Naar het oordeel van het hof dient voormeld artikel 3 lid I niet te worden uitgelegd in de door Rock Beheer voorgestane zin, te weten dat de huurder het gehuurde ten minste een zekere minimumperiode per jaar en/of als zijn hoofdverblijf dient te gebruiken. In lid I wordt weliswaar bepaald dat de huurder het gehuurde zelf moet bewonen, maar niet dat hij het tenminste een zekere minimumperiode per jaar en/of als zijn hoofdverblijf moet gebruiken. Lid I uitgelegd als (enkel) een verplichting het gehuurde zelf te bewonen, wordt vervolgens nader geconcretiseerd in lid II met een verbod om het gehuurde onder te verhuren of in gebruik af te staan. Voormelde uitleg wordt niet anders door het enkele gegeven dat het gehuurde een sociale huurwoning betreft, te minder daar [geïntimeerde] onbetwist heeft gesteld dat Rock Beheer na een eventueel vertrek van [geïntimeerde] het gehuurde zal renoveren tot een vrije sectorwoning (nummer 4 conclusie van dupliek).

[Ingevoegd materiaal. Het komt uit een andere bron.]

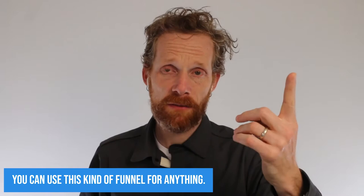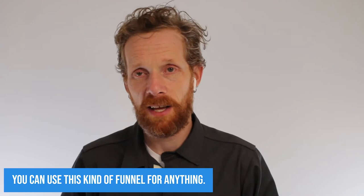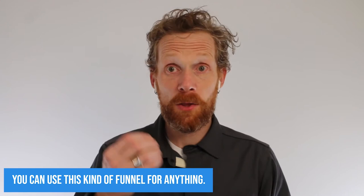You can use this kind of funnel for anything — physical therapy, business coaching, health coaching. My cousin, I helped him set it up for financial advising. I've done it with life coaching. You can do it for pretty much any product or service. You could do it to sell cars. You wouldn't want to do it to sell 25-cent widgets.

Voormelde uitleg van artikel 3 lid I brengt met zich dat de regelmatige (niet aaneengesloten) afwezigheid van [geïntimeerde] in 2013/januari 2014, niet ertoe leidt dat hij in strijd heeft gehandeld met het huurcontract. Hierbij komt nog dat niet is komen vast te staan dat de afwezigheid van [geïntimeerde] in genoemde periode langer heeft geduurd dan de door hem erkende (totale) periode van ongeveer acht maanden. Dat de afwezigheid - zoals Rock Beheer stelt - zo’n tien tot elf maanden zou hebben geduurd blijkt niet uit het rapport van [X] . [X] heeft immers slechts geobserveerd in de periode van 25 oktober 2013 tot en met 6 december 2013. Voor zover [C] volgens de weergave in het rapport van [X] van haar gesprek met de medewerkers van [X] , zou hebben verklaard dat de afwezigheid van [geïntimeerde] langer duurde dan circa acht maanden, wordt hieraan geen zwaar gewicht toegekend. [C] heeft deze (door [X] opgestelde) verklaring niet ondertekend, daargelaten de mogelijke taalmisverstanden tussen haar en de medewerkers van [X] . Bewijs van een langere afwezigheid dan de erkende circa acht maanden kan evenmin worden afgeleid uit de - op dit punt weinig specifieke - verklaringen van de in eerste aanleg gehoorde getuigen ( [E] , [F] , [G] en [A] ) en de in hoger beroep overgelegde, niet ondertekende, verklaring van [F] en de mail van [H] . Voor zover uit voormelde bewijsmiddelen - in onderlinge samenhang en verband beschouwd - al enig bewijs van een langere afwezigheid kan worden afgeleid, wordt dit ontkracht door de getuigenverklaring van [geïntimeerde] dat hij slechts ongeveer acht maanden per jaar (niet aaneengesloten) afwezig is geweest. Daarbij moet worden bedacht dat de verklaring van [geïntimeerde] geen beperkte werking heeft in de zin van artikel 164 lid 2 Rv, nu de bewijslast niet op hem rust.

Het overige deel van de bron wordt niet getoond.